O que acontece, no exato momento em que se inicia uma guerra, é a paralisação dos sistemas de gestão ambiental. Isso porque o que vale a partir deste momento é a luta pela sobrevivência a qualquer custo. O que pode gerar uma pressão e um colapso ambiental. Tornando o Meio Ambiente uma vítima não relatada da guerra.
As guerras da atualidade são cada vez mais “ambientais” do que em outros períodos da história. As armas químicas e os elementos incorporados na inteligência de guerra fazem com que os conflitos tenham relação direta com meio ambiente. Exemplo foi a bomba atômica de Hiroshima e Nagasaki que matou mais de 400 mil pessoas, muito mais do que anos de luta armada.
Os campos de concentração nazistas são outro exemplo ruim da história, de onde chegou a destruição humana, através de elementos químicos, com as câmaras de gás, onde milhares de judeus foram exterminados.
No Vietnã, entre 1961 e 1971, o chamado “agente laranja”, que é um desfolhante extremamente nocivo utilizado pelos Estados Unidos, foi um dos produtos químicos usados para queimar as pessoas por cima, lançado pelos aviões norte-americanos, tonando a Guerra do Vietnã uma das mais letais da atualidade.
Diversos elementos químicos, utilizados em bombas e armas para potencializarem seu impacto, são utilizados em nossas lavouras nos agrotóxicos. É importante destacar que o domínio bélico passa pelo controle de armas químicas e nucleares. As grandes potencias do mundo tentam a todo custo retirar de outros países menores este tipo de produção de armas. É o chamado controle psicológico da guerra causado pela chamada ameaça nuclear.
O Memorando de Budapeste retirou da Ucrânia o arsenal que havia herdado da União Soviética, colocando-a neste momento em desvantagem sobre a Rússia. Pois a Rússia é uma das maiores detentoras de armas químicas e nucleares do mundo.
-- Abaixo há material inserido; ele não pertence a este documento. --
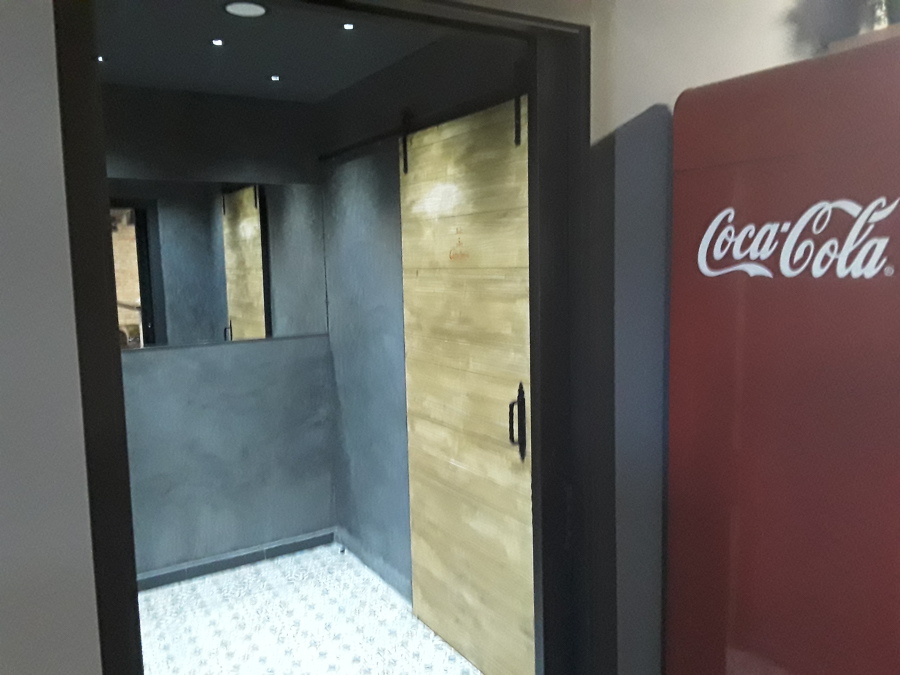 Acceso vestíbulo baños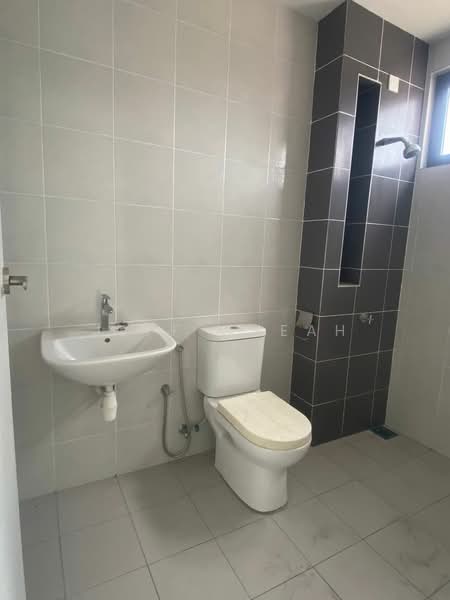Rumah Berkembar untuk Dijual di Bandar Sungai Long (Selangor) - Jeff Cheah - Bathroom - PropertyGuru.com.my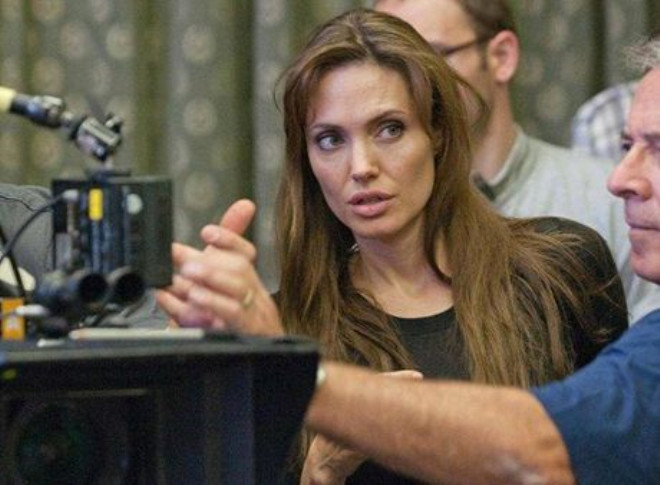 Geirdii ifte mastektomi operasyonundan sonra hzla zayflayan Angelina Jolie getiimiz gn ynetmenliini yapt Unbroken filminin setinde bayld.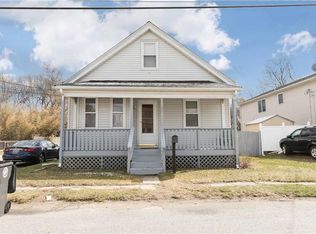 188 3rd Ave, Cranston, RI 02910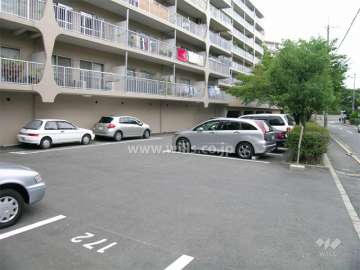 敷地南側の駐車場（屋外平面式）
Cada vez mais as guerras do mundo serão ambientais, ou seja, com armas químicas, nucleares e até mesmo biológicas. Existem probabilidades de uma nação contaminar outra ou o mundo todo com uma doença, vírus ou bactérias, criadas propriamente para serem usadas como armas.
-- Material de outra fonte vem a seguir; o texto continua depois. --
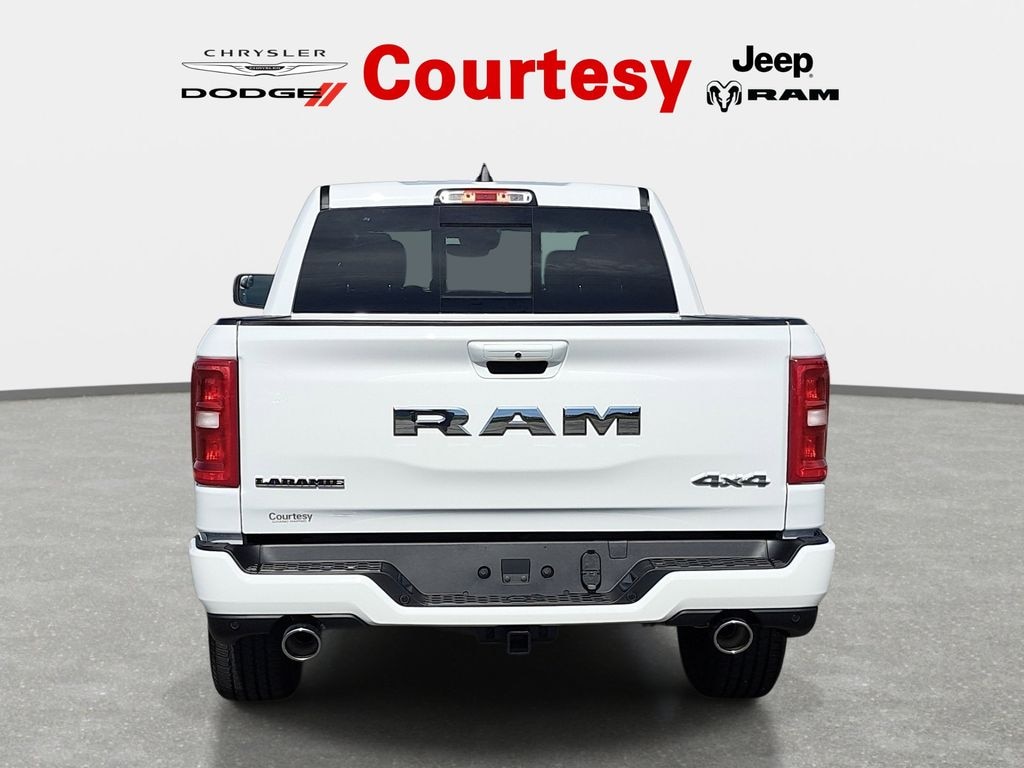 New 2026 Ram 1500 LARAMIE CREW CAB 4X4 5'7 BOX Pickup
Um dos elementos da natureza, afetado diretamente pelas guerras, poderia ser o agente que teria a responsabilidade de acabar com estes conflitos, desde que se sentisse parte de um todo muito mais amplo. Mas é exterminado pela ganância dos poderosos que colocam sua população em risco em detrimento sua sede de poder.
O que nos falta perceber é que o principal afetado nesta história é o ser humano, elemento fundamental da “Casa Comum”, como nos interpela Papa Francisco em sua encíclica Laudato Si. Aquele que deveria ser o guardião desta casa, ataca, fere e mata, para que sua ambição de poder seja saciada.
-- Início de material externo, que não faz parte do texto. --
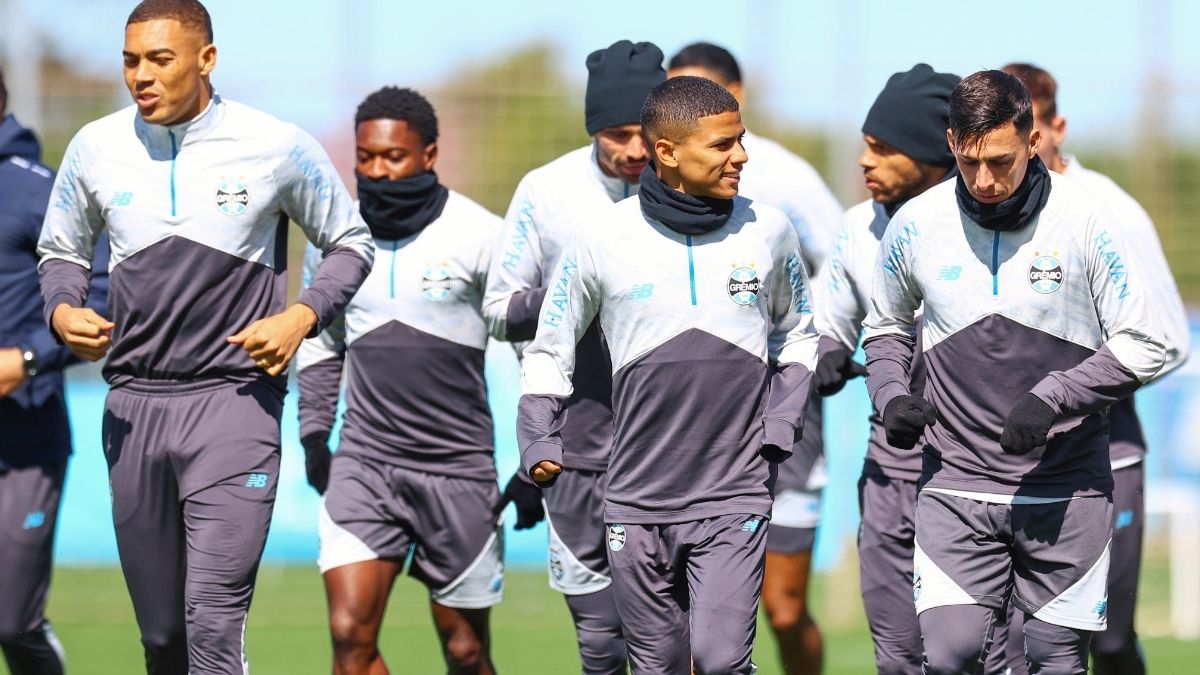 Luís Castro prepara quatro mudanças no Grêmio para tentar quebrar jejum no Brasileirão - Grêmio Brasileirão Grêmio deve ter quatro mudanças contra o Bragantino. Luís Castro prepara força máxima para buscar a primeira vitória fora de casa, veja.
Acreditamos ainda no bom senso humanitário e que os conflitos sejam vencidos pela capacidade de paz e pelo desejo de sermos agentes cuidadores do Meio em que vivemos.
Renato Eder Munhoz

Historiador e Teólogo, especialista em Educação Ambiental e Sustentabilidade. Coordenador de Projetos do COPATI (Consórcio de Proteção Ambiental do Rio Tibagi).